Eskom said yesterday that it had teamed up with the Special Investigating Unit (SIU) to issue summons in the North Gauteng High Court to recover the funds.

The utility said the funds were lost during the “state capture” years when it improperly and illegally paid the Gupta family and its entities during their acquisition of Optimum Coal Holdings (OCH) in 2015.

“This delictual claim for damages that Eskom suffered relates to the recovery of approximately R3.8bn in funds illegally diverted from Eskom to help the Gupta family and its associates to acquire the operations of OCH, which owned the Optimum Coal Mining (Pty) Ltd that supplied the Hendrina power station with coal,” Eskom said.

“The further delictual claim for damages pertains to the payments that were unlawfully made to Trillian (Capital Partners) by Eskom executives.”

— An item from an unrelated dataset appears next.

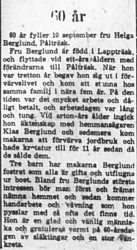 Berglund Helga Pålsträsk 60 år 9 Sept 1965 PT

Eskom is battling runaway debt of R450bn, including liquidating corrupt suppliers, reviewing dodgy contracts and engaging municipalities to settle their debt.

Earlier this year, the utility instituted liquidation proceedings against Trillian after the North Gauteng High Court in October 2019 set aside and declared as null and void Eskom’s payment of about R600million entities in the Trillian stable.

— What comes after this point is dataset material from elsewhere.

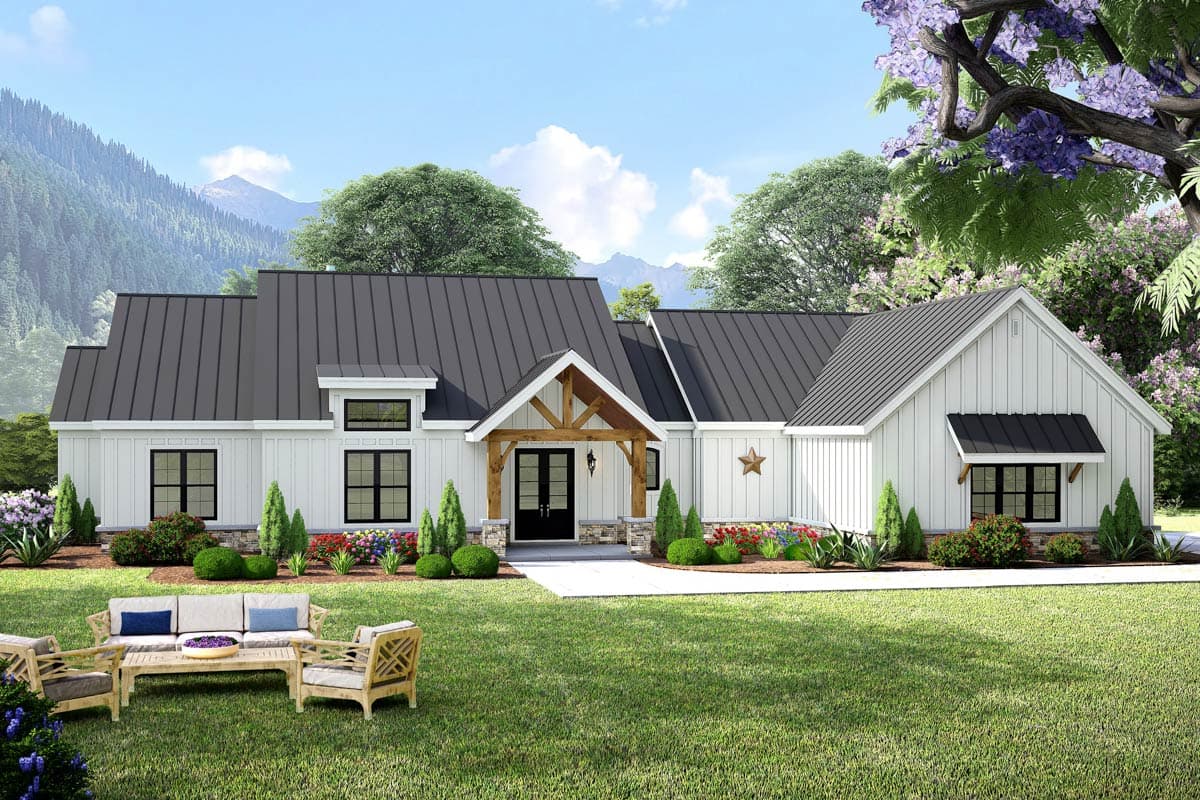 House plan exterior with modern farmhouse style. Features include a front porch with exposed timber supports, gabled roof, and black-framed windows.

The defendants in the R3.8bn damages claim are former Eskom chief executive Brian Molefe, former chief financial officer Anoj Singh, former group executive for generation Matshela Koko, and former company secretary Suzanne Daniels.

Koko, who has always professed his innocence in the allegations of state capture, said he was unshaken by Eskom’s litigation, and it was a bad publicity stunt.

“I am reminded of similar summonses I received from Magda Wierzycka and the Helen Suzman Foundation in November 2017, which came to naught,” he said.

“The latest summonses by Eskom SA and the SIU will also come to naught.”

Eskom also seeks damages against former board chairperson Dr Ben Ngubane, former board members Chwayita Mabude and Mark Pamensky.

Former mineral resources minister Mosebenzi Zwane, consultant Salim Essa, and Gupta brothers Tony, Atul and Ajay have also been cited as defendants.

Eskom said all of the former executives and board members breached their fiduciary duty of care and good faith to the utility.

“These 12 defendants acted in a concerted effort whose objective was the corrupt, alternatively irregular, diversion of resources from Eskom,” it said.

Eskom said it reserved the right to pursue other individuals and entities, or to join others to this action.